Data:
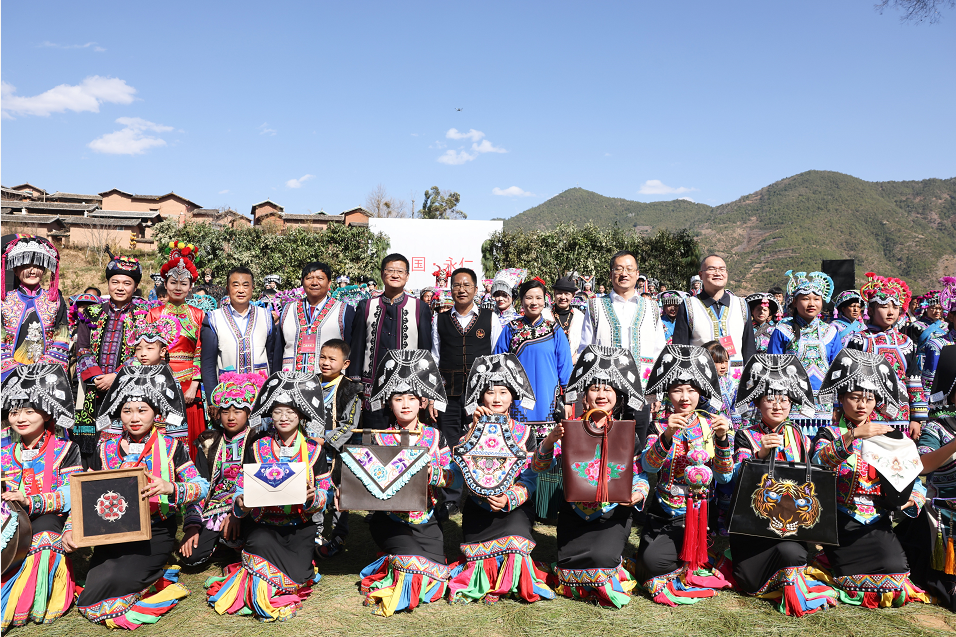 中国永仁2023直苴彝族赛装节隆重启幕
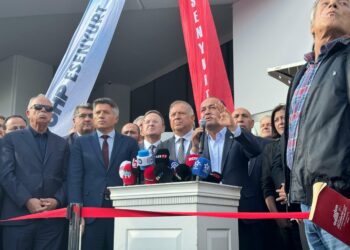 CHP’den Esenyurt Belediyesi’ne destek ziyareti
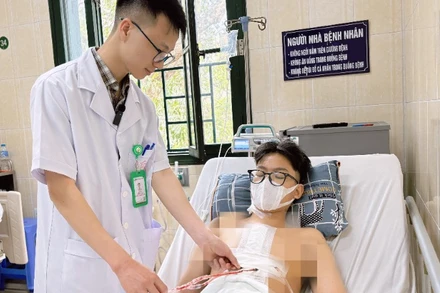 Nam thanh niên nằm điều trị tại Bệnh viện Hữu nghị Việt Đức. 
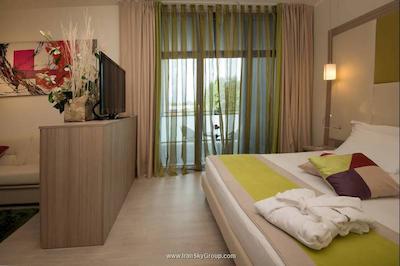 از لیمبییت فیرا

Work item:
Each line above is to be transcribed exactly, though its pictures are not.

Answer space:
 中国永仁2023直苴彝族赛装节隆重启幕
 CHP’den Esenyurt Belediyesi’ne destek ziyareti
 Nam thanh niên nằm điều trị tại Bệnh viện Hữu nghị Việt Đức. 
 از لیمبییت فیرا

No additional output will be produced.